Material shown:
**********

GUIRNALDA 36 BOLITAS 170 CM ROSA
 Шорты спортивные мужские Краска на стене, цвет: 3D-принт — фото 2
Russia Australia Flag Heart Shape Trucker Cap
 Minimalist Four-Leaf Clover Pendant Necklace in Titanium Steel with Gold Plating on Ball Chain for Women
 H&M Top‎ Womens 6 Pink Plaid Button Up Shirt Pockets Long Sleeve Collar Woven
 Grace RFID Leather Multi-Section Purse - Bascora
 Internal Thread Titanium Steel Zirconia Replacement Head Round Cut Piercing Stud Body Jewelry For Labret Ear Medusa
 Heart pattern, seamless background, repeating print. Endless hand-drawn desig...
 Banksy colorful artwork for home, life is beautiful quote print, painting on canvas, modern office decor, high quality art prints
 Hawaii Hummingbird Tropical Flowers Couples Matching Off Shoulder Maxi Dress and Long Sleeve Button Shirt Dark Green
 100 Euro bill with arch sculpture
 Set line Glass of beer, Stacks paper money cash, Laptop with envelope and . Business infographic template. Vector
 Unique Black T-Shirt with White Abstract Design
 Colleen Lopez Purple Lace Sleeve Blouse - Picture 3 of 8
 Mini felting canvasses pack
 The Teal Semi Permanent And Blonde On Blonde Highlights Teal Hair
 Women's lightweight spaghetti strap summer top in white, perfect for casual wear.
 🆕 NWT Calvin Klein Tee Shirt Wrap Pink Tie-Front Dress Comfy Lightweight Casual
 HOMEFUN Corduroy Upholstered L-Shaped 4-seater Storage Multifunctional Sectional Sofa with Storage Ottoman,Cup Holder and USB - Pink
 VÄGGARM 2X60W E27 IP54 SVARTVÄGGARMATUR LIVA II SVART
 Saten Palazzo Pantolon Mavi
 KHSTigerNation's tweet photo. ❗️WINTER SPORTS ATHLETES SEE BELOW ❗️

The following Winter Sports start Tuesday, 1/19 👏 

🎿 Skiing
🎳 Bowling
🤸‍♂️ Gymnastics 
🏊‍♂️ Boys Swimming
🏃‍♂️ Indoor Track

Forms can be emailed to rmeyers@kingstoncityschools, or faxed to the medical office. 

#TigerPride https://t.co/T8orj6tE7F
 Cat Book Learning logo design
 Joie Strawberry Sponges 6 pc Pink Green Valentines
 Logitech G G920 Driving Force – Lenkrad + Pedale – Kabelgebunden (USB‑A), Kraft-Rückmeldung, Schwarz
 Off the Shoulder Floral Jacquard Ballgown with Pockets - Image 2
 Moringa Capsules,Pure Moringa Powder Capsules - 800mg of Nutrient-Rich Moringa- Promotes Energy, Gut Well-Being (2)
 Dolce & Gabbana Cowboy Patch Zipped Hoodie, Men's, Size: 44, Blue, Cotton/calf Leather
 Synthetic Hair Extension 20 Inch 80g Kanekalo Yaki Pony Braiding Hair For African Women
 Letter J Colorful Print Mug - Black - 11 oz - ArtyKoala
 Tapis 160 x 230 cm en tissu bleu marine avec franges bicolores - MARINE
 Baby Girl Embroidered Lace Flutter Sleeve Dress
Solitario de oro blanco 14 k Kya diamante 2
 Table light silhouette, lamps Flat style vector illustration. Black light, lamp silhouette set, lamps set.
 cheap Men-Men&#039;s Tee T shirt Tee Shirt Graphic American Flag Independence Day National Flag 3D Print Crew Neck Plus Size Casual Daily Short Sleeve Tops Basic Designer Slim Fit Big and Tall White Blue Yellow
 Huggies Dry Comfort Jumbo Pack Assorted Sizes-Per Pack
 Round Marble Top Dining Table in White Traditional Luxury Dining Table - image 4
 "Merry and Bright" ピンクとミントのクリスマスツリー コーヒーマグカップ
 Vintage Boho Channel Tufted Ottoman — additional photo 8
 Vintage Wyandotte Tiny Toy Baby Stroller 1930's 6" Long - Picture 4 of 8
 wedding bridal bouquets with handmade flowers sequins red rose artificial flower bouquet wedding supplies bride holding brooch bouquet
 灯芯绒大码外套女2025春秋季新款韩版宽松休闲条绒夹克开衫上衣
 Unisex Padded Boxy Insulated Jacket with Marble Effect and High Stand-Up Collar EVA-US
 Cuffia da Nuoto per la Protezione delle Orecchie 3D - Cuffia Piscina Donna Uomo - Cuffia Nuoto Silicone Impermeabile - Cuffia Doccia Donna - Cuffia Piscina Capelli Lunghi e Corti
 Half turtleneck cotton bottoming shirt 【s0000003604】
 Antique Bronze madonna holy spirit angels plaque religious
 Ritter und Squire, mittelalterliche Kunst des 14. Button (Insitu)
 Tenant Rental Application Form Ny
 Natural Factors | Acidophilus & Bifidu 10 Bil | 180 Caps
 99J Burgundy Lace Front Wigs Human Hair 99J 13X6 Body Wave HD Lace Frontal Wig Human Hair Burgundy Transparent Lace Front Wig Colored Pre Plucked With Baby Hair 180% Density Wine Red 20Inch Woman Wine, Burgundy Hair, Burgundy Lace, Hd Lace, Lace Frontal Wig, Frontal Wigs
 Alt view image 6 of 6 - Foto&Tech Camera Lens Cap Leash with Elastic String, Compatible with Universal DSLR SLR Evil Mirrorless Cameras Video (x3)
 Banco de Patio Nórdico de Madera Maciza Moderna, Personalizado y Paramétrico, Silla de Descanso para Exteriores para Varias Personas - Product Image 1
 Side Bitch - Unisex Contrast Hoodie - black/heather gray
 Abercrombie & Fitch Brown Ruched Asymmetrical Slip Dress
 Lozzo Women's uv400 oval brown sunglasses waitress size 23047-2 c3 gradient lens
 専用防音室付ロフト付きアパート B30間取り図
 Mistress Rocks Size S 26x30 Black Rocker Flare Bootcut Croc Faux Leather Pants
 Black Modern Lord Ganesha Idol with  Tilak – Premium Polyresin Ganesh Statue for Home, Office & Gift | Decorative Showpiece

**********

What the exercise asks:
Print the records above in full, exactly.

Response:
GUIRNALDA 36 BOLITAS 170 CM ROSA
 Шорты спортивные мужские Краска на стене, цвет: 3D-принт — фото 2
Russia Australia Flag Heart Shape Trucker Cap
 Minimalist Four-Leaf Clover Pendant Necklace in Titanium Steel with Gold Plating on Ball Chain for Women
 H&M Top‎ Womens 6 Pink Plaid Button Up Shirt Pockets Long Sleeve Collar Woven
 Grace RFID Leather Multi-Section Purse - Bascora
 Internal Thread Titanium Steel Zirconia Replacement Head Round Cut Piercing Stud Body Jewelry For Labret Ear Medusa
 Heart pattern, seamless background, repeating print. Endless hand-drawn desig...
 Banksy colorful artwork for home, life is beautiful quote print, painting on canvas, modern office decor, high quality art prints
 Hawaii Hummingbird Tropical Flowers Couples Matching Off Shoulder Maxi Dress and Long Sleeve Button Shirt Dark Green
 100 Euro bill with arch sculpture
 Set line Glass of beer, Stacks paper money cash, Laptop with envelope and . Business infographic template. Vector
 Unique Black T-Shirt with White Abstract Design
 Colleen Lopez Purple Lace Sleeve Blouse - Picture 3 of 8
 Mini felting canvasses pack
 The Teal Semi Permanent And Blonde On Blonde Highlights Teal Hair
 Women's lightweight spaghetti strap summer top in white, perfect for casual wear.
 🆕 NWT Calvin Klein Tee Shirt Wrap Pink Tie-Front Dress Comfy Lightweight Casual
 HOMEFUN Corduroy Upholstered L-Shaped 4-seater Storage Multifunctional Sectional Sofa with Storage Ottoman,Cup Holder and USB - Pink
 VÄGGARM 2X60W E27 IP54 SVARTVÄGGARMATUR LIVA II SVART
 Saten Palazzo Pantolon Mavi
 KHSTigerNation's tweet photo. ❗️WINTER SPORTS ATHLETES SEE BELOW ❗️

The following Winter Sports start Tuesday, 1/19 👏 

🎿 Skiing
🎳 Bowling
🤸‍♂️ Gymnastics 
🏊‍♂️ Boys Swimming
🏃‍♂️ Indoor Track

Forms can be emailed to rmeyers@kingstoncityschools, or faxed to the medical office. 

#TigerPride https://t.co/T8orj6tE7F
 Cat Book Learning logo design
 Joie Strawberry Sponges 6 pc Pink Green Valentines
 Logitech G G920 Driving Force – Lenkrad + Pedale – Kabelgebunden (USB‑A), Kraft-Rückmeldung, Schwarz
 Off the Shoulder Floral Jacquard Ballgown with Pockets - Image 2
 Moringa Capsules,Pure Moringa Powder Capsules - 800mg of Nutrient-Rich Moringa- Promotes Energy, Gut Well-Being (2)
 Dolce & Gabbana Cowboy Patch Zipped Hoodie, Men's, Size: 44, Blue, Cotton/calf Leather
 Synthetic Hair Extension 20 Inch 80g Kanekalo Yaki Pony Braiding Hair For African Women
 Letter J Colorful Print Mug - Black - 11 oz - ArtyKoala
 Tapis 160 x 230 cm en tissu bleu marine avec franges bicolores - MARINE
 Baby Girl Embroidered Lace Flutter Sleeve Dress
Solitario de oro blanco 14 k Kya diamante 2
 Table light silhouette, lamps Flat style vector illustration. Black light, lamp silhouette set, lamps set.
 cheap Men-Men&#039;s Tee T shirt Tee Shirt Graphic American Flag Independence Day National Flag 3D Print Crew Neck Plus Size Casual Daily Short Sleeve Tops Basic Designer Slim Fit Big and Tall White Blue Yellow
 Huggies Dry Comfort Jumbo Pack Assorted Sizes-Per Pack
 Round Marble Top Dining Table in White Traditional Luxury Dining Table - image 4
 "Merry and Bright" ピンクとミントのクリスマスツリー コーヒーマグカップ
 Vintage Boho Channel Tufted Ottoman — additional photo 8
 Vintage Wyandotte Tiny Toy Baby Stroller 1930's 6" Long - Picture 4 of 8
 wedding bridal bouquets with handmade flowers sequins red rose artificial flower bouquet wedding supplies bride holding brooch bouquet
 灯芯绒大码外套女2025春秋季新款韩版宽松休闲条绒夹克开衫上衣
 Unisex Padded Boxy Insulated Jacket with Marble Effect and High Stand-Up Collar EVA-US
 Cuffia da Nuoto per la Protezione delle Orecchie 3D - Cuffia Piscina Donna Uomo - Cuffia Nuoto Silicone Impermeabile - Cuffia Doccia Donna - Cuffia Piscina Capelli Lunghi e Corti
 Half turtleneck cotton bottoming shirt 【s0000003604】
 Antique Bronze madonna holy spirit angels plaque religious
 Ritter und Squire, mittelalterliche Kunst des 14. Button (Insitu)
 Tenant Rental Application Form Ny
 Natural Factors | Acidophilus & Bifidu 10 Bil | 180 Caps
 99J Burgundy Lace Front Wigs Human Hair 99J 13X6 Body Wave HD Lace Frontal Wig Human Hair Burgundy Transparent Lace Front Wig Colored Pre Plucked With Baby Hair 180% Density Wine Red 20Inch Woman Wine, Burgundy Hair, Burgundy Lace, Hd Lace, Lace Frontal Wig, Frontal Wigs
 Alt view image 6 of 6 - Foto&Tech Camera Lens Cap Leash with Elastic String, Compatible with Universal DSLR SLR Evil Mirrorless Cameras Video (x3)
 Banco de Patio Nórdico de Madera Maciza Moderna, Personalizado y Paramétrico, Silla de Descanso para Exteriores para Varias Personas - Product Image 1
 Side Bitch - Unisex Contrast Hoodie - black/heather gray
 Abercrombie & Fitch Brown Ruched Asymmetrical Slip Dress
 Lozzo Women's uv400 oval brown sunglasses waitress size 23047-2 c3 gradient lens
 専用防音室付ロフト付きアパート B30間取り図
 Mistress Rocks Size S 26x30 Black Rocker Flare Bootcut Croc Faux Leather Pants
 Black Modern Lord Ganesha Idol with  Tilak – Premium Polyresin Ganesh Statue for Home, Office & Gift | Decorative Showpiece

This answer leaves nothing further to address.